The U.S. government posted a budget deficit of $139 billion in May, 11 percent higher than a year ago and above economists' expectations, partly because of temporary calendar adjustments, the Treasury Department said.
May has had a deficit for 54 out of the last 59 years, a Treasury official said, as it is typically the month when the government refunds tax payments to U.S. citizens.
But so far this fiscal year, which began in October, the government budget deficit has shrunk faster than expected, standing at $626 billion at the end of May, 26 percent lower than the deficit in May 2012.
That is largely due to a 15 percent increase in tax receipts compared to last year, at $1.8 trillion, while spending has increased by only 1 percent. Revenues have been boosted because payroll tax cuts expired, taxes went up on richer Americans and the economy has started to recover.
The Congressional Budget Office last month estimated the United States is on track for its first deficit below $1 trillion since President Barack Obama came into office. The deficit should fall to 4 percent of GDP this year, less than half the shortfall in 2009, the CBO said.
Standard & Poor's on Monday revised the U.S. credit outlook to stable from negative, citing an improved economic and fiscal outlook.

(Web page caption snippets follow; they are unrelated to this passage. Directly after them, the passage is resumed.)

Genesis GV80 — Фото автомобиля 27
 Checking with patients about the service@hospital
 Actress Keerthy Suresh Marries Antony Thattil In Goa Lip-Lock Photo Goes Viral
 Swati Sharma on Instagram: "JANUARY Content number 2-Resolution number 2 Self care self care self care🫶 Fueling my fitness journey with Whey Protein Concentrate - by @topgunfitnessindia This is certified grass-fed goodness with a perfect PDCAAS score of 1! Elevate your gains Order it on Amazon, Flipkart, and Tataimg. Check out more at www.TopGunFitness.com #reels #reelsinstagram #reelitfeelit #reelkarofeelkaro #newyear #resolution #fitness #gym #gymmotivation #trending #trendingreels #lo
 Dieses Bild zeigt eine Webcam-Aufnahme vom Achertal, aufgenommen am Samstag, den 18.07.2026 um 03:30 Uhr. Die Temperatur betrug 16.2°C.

The better state of the government's finances will likely be a factor in budget battles in Congress over whether further belt-tightening is needed.
Tax receipts last month, at $197 billion, were 9 percent higher than receipts in May 2012. Government spending was $336 billion in May, above the year-ago level of $305 billion, partly due to calendar adjustments that shifted $33 billion in benefits payments from June into May because June 1 fell on a Saturday.
Adjusting for calendar changes, the U.S. May budget gap would be $110 billion, versus $125 billion in May 2012.
In the past seven months, government spending has increased 1 percent to $2.4 trillion compared to the same period last year.